Like many devoted owners, Anna Stone takes her pets on a leash wherever she goes. But Misty and Ebony aren't dogs - they're rats.

Anna says she is fed up of being abused by people in the street who accuse her animals of spreading disease.

She is campaigning to win rights for rats in the face of mounting concern about Britain's rodent population.

Earlier this month the Keep Britain Tidy group said rats could soon be roaming the streets like dogs because of people dumping food and rubbish.

There are an estimated 60 million rats in the UK and a chilling new cinema advert campaign shows rodents scurrying across a couple's bed.

Rats have been demonised in popular culture for years, most notably in Room 101 in George Orwell's novel 1984.

But Anna, 21, of Edinburgh Road, Brighton, believes too many people have misconceptions about them.

She said: "You couldn't find any animals more friendly and gentle than Misty and Ebony.

"They would never bite anyone, they just lick. They don't carry any diseases because they're well looked-after."

She straps her rats into home-made harnesses when she takes them out but not everyone is pleased to see them.

Anna said: "The other day a woman shouted at me, saying they were disgusting and dangerous.

"I don't have a go at people for having dogs, even though a dog is more likely to bite you than a rat."

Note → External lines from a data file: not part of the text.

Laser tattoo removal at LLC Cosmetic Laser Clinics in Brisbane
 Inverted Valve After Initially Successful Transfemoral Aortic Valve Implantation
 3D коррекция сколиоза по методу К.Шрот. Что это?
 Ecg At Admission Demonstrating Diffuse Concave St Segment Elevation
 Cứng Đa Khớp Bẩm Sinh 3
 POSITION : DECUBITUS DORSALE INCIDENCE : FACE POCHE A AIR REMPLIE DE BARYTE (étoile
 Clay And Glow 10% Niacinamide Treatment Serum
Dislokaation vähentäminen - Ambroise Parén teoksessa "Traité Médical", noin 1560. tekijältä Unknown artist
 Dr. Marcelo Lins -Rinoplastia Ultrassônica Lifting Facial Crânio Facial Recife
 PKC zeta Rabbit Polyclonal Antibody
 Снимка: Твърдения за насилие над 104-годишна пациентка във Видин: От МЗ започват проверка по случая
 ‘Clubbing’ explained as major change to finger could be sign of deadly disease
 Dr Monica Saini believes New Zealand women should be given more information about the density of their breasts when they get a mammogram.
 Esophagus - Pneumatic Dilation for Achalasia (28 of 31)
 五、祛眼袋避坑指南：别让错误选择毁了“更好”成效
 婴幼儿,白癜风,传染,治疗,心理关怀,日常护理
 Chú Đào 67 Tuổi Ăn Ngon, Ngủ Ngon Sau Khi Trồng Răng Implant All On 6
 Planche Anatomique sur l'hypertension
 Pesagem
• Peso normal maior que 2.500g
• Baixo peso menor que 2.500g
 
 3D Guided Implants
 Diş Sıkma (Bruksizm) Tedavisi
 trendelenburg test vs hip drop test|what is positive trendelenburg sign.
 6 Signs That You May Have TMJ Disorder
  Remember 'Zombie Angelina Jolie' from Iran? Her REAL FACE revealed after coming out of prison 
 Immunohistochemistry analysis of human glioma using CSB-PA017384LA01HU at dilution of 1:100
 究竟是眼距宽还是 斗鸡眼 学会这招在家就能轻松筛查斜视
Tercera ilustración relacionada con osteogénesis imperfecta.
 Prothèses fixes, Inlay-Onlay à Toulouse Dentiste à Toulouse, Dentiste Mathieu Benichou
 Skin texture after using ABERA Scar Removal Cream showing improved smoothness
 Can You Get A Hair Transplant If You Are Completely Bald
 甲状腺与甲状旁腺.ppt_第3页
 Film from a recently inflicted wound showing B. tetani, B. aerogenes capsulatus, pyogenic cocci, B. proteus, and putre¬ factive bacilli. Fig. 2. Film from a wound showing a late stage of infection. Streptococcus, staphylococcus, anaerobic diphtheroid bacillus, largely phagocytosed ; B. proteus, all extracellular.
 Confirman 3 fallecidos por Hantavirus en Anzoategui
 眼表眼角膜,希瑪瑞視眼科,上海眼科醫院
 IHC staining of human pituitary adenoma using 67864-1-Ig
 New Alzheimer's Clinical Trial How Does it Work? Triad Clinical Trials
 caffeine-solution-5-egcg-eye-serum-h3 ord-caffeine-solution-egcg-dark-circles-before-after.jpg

Ebony, almost two, and nine-month-old Misty are also allowed to accompany Anna in the beer garden of The Hobgoblin pub in York Place, Brighton.

Anna gives talks at schools about rats and has drawn up leaflets with friends campaigning against animal-testing and discrimination against rats.

She hopes to enter Ebony and Misty into Crufts-style rodent shows in London next year, which include real-life rat races.

She said: "Lots of people don't understand rats develop real personalities."

Anna bought her first rat three years ago and named her Rizla after she developed a taste for chewing cigarette papers.